Controversy has raged at many periods in Christianity about how one is “saved”, that is, accepted by God, sure of eternal life on the day of reckoning. Some have said that faith alone can save. Others have put more stress on good works. Fortunately, this controversy is not so keen today, perhaps in part because of a growing consensus about the relation of good works to faith.
It would seem quite clear that the starting point is faith, faith in God, belief in His Son. Among Christ’s last words were these: “He that believeth and is baptized shall be saved…”(Mark16:16). Throughout His ministry on earth, He repeated the same thought dozens of times with variations. Clearly, if Christ’s words mean anything at all, they mean that salvation begins with faith.

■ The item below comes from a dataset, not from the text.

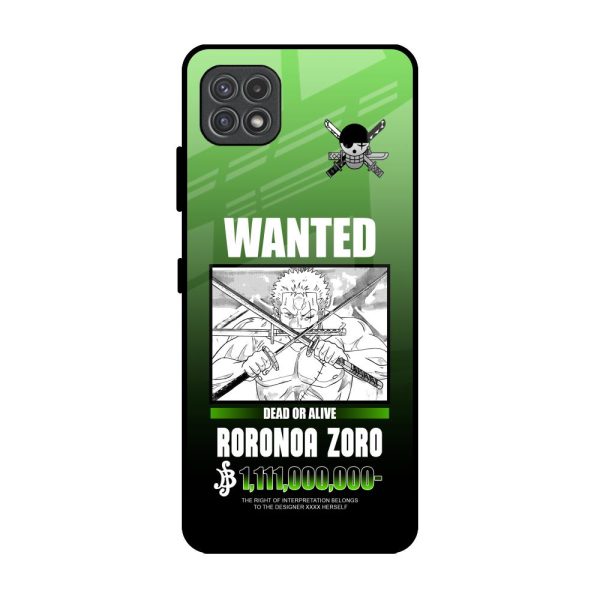 Zoro Wanted Glass Case for Samsung Galaxy A22 5G Online now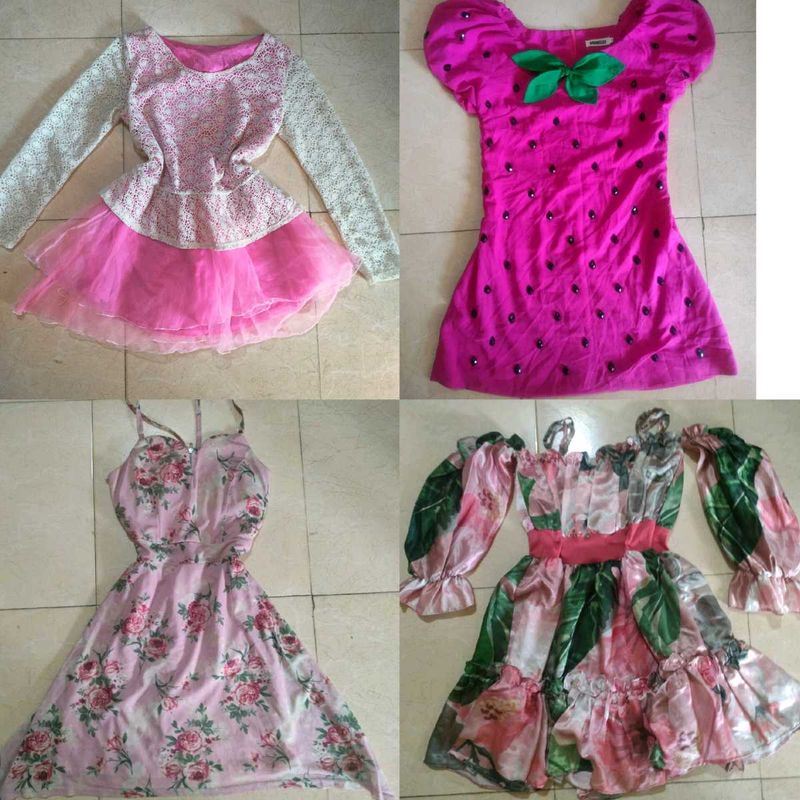 4 Cute Pink &amp; Floral Dresses combo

Saint Paul and the other Apostles understood this and reinforced the theme again and again in their Epistles. Saint Paul spoke of “justification by faith” or “sanctification by faith” at least five times, meaning that by faith we are accounted righteous by God. We recall that when the rich young man asked how he could gain eternal life, the Lord said to him, in effect, that he should cast away all earthly idols and believe and follow him.
Now, faith in Christ is not a pro forma thing. It is not signing a pledge on the dotted line and filing it away as evidence. It is not membership in a Christian Church which one attends every Sunday. It is not even an intellectual conviction. It is rather a unified commitment of mind, heart and will to God, a commitment which permeates and changes our lives, our attitudes and our actions. God accepts that kind of commitment and accounts us righteous for it. And that accounting, and the grace which God thereby bestows on us, is the beginning of salvation.
Where then do good works come in? Saint James has given us the shortest and most concise answer: “Even so, faith, if it hath no good works, is dead…” Faith has no reality, is meaningless, unless it so permeates our lives that it results in good works, that is, deeds and actions arising out of righteous motives out of faith in the love of God and His Son, Jesus Christ. The moral here is the old and simple one that actions speak louder than words. No matter how much we may profess our faith and say the Creeds, it is a dead letter unless it works through us in a regenerative way and shines forth in our lives.
Theologians may develop this theme at endless and confusing length. But it is really not so tangled and difficult. “Lord, I believe” comes first. If we really believe and demonstrate it by the fruits of faith (good works), God accepts this faith, imperfect as it may be, and accounts it to us for righteousness, sending us the gift of grace to strengthen our faith, to increase our good works, and finally to “save” us from sin and death and gain for us eternal life.